I do want to discuss whether or not you plan your painting, and if you do plan, what process you usually go through in starting a new painting and if you paint in more than one genre, is the process different.

I always begin, as it were, with a gesture. As a painter of the human figure, it is the gesture... the internal flow of the figure that is my starting point. As a student, I was taught the approach employed by Rembrandt, the Venetians, the Impressionists, etc... of beginning with the large elements of the composition and then working the entire painting all at once in an organic manner. I broke away from this approach after spending some 5 years working exclusively in collage. In collage I would begin with a simple notion of the composition and the add one element at a time. The second element needed to harmonize with the first and each subsequent element needed to harmonize with whatever was already there. When I returned to painting... or painting/pastel I continued to work in this manner. Once I have established the gesture of the central figure(s) I begin working on the surrounding space one element at a time. Each subsequent element must harmonize with whatever is already established. I really don't know what the end painting will look like. As Arty suggested, the painting process involves a lot of intuition and thinking. I whole-heartedly agree with Picasso's adage: "Inspiration exists, but it has to find you working." The painting process, for me, is not one of rendering an idea/sketch/composition that is worked out ahead of time. The painting evolves and changes throughout the whole of the painting process.

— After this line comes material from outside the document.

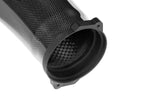 A close up view of a part of the Eventuri Carbon Intake System for Ferrari F12 Berlinetta 2012-2017 on a white background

As for "righties"... and I'll note that I began as a "lefty" and was pushed into using the "proper hand"... I suspect that while there may be more lefties within the population of artists, the overall population of artists is likely far more right-handed than left-handed.
 
Drawing on the right side of the brian o_O

:LOL:Must be using the wrong side of the "Brian" here while typing. Ironically, our member Brian is one who hated that book.

Actually, I loved the book, and that was the whole problem - it seduced me into a blind alley. :)

As for the question, when working directly from reference, I tend not to plan nearly enough. I nowadays try to discipline myself to do at least a thumbnail or two. My initial idea usually turns out to be the right one, but that way it is still easier to get it more or less right.